Great post, except it’s QANTAS (Queensland And Northern Territories Air Service). No “U”.

My contribution to the An-2 lore in this thread is that its popular nickname in Russia is kukuruznik. It comes from kukuruza, which means corn. The An-2 was originally an agricultural plane, hence the nickname, which means something like farmer or maybe corn dude. Nikita Khrushchev had the same nickname because of his corn-planting policies. An earlier ag plane, the Polikarpov Po-2, also bore the same nickname.

An earlier ag plane, the Polikarpov Po-2, also bore the same nickname.
Since you brought up the open cockpit Polikarpov, this was the light fabric covered biplane that the "NightWitches" used as a (very) light nightime bomber on the Eastern Front during WW2.

Female pilots stationed directly behind the front lines flew multiple-- sometimes six or eight per night-- harassment missions intended to keep the enemy from ever being comfortable or getting a good night's sleep.

They took off from unimproved farm fields and clearings. In the beginning the bombardier threw small bombs from her cockpit WW1 style. They flew nap of earth without lights in the darkness so as not to be seen or heard from a distance, climbing to a little altitude before attacking in a shallow dive with the engine throttled back to idle.

Thier defense was in not being heard or seen and the fact that the Po-2 cruised at an airspeed that was lower than the stalling speed of German or Italian fighters.

I worked with a guy in Alaska that was from Russia. He learned to fly in a AN-2 in Russia. He said when, not if but when the engine fails...

He thought quite highly of the AN-2.

Here's Big Panda-Monium, which used to be a regular on the field at KCCB in Upland, CA. It was lost in a crash (suspected carb icing) near San Bernardino, where the pilot nearly made an open field but clipped some power lines.

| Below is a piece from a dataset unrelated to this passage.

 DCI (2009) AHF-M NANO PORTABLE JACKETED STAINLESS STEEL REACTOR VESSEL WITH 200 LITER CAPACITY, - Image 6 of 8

Aircraft ended up inverted but fortunately only minor injuries to pilot and crew.

I'll be different and actually post about the crash.

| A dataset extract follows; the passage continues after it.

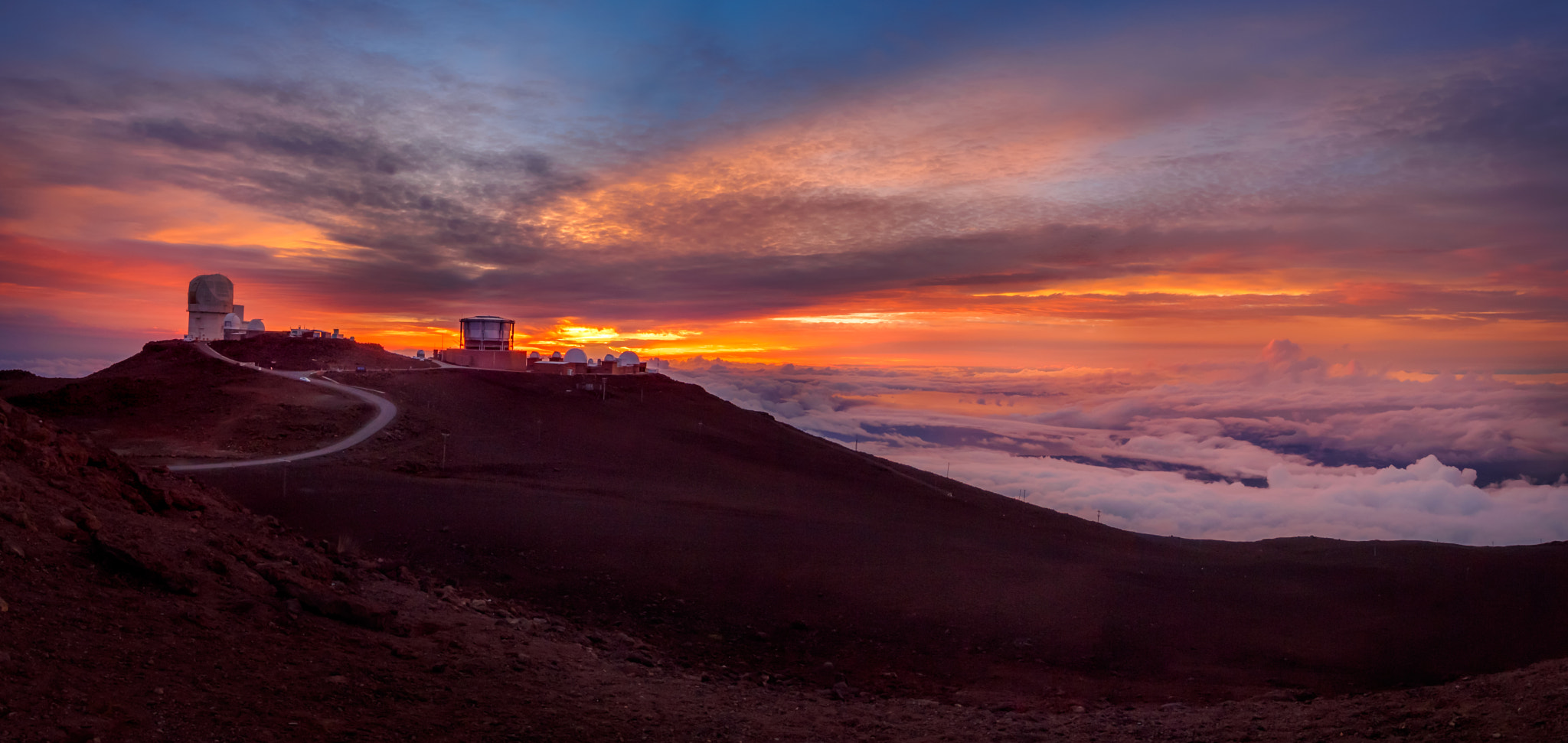 OLYMPUS M.9-18mm F4.0-5.6 sample photo. Between the clouds photography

The aircraft was obviously in a high AOA climb, and fell off on one wing as the airspeed decayed to an unsustainable value.

What might have caused this? A control lock comes to mind. The airplane will fly at ridiculously low airspeeds, and lowering the nose would have prevented the divergence from controlled flight.

That's the only cause I can think of.

One wonders if a control lock is even worth it.. how often are the winds strong enough to cause flapping ailerons and elevators? Pipers don't have 'em.. just strap down the seat belt if you're really worried about it

#PiperForTheWin

One wonders if a control lock is even worth it.. how often are the winds strong enough to cause flapping ailerons and elevators?
In Russia, ailerons and elevators cause winds to flap.

In Russia, ailerons and elevators cause winds to flap.
That's damn right

Female pilots stationed directly behind the front lines flew multiple-- sometimes six or eight per night-- harassment missions intended to keep the enemy from ever being comfortable or getting a good night's sleep.
This is an ongoing tradition among Russian women.

"Strong, like bull. Smart, like tractor."

"Strong, like bull. Smart, like tractor."

"Smart like rock, quick like tree!"

At least with an AN-2 they weren't going very fast.

On a windy day the guy who checked me out flew a Colt BACKWARDS into a stiff breeze. I've done it as well.
Speaking of which, I was at a LAX tournament this weekend right next to 03NC. There was a brisk wind. I pointed out to my wife someone practicing slow flight into the wind and pretty much hovering over the field for 3-4 minutes. It was very cool!

Here's Big Panda-Monium, which used to be a regular on the field at KCCB in Upland, CA. It was lost in a crash (suspected carb icing) near San Bernardino, where the pilot nearly made an open field but clipped some power lines. Aircraft ended up inverted but fortunately only minor injuries to pilot and crew.

View attachment 101003

Vladimir Yestremski at YS Air Ramona airport was the original owner who brought her across the pond to the US.